"""

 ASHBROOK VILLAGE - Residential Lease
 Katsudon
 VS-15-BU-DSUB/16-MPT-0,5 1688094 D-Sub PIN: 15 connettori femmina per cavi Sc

"""

Task instructions. Word for word, give back all the lines above.

Answer to this exercise.
 ASHBROOK VILLAGE - Residential Lease
 Katsudon
 VS-15-BU-DSUB/16-MPT-0,5 1688094 D-Sub PIN: 15 connettori femmina per cavi Sc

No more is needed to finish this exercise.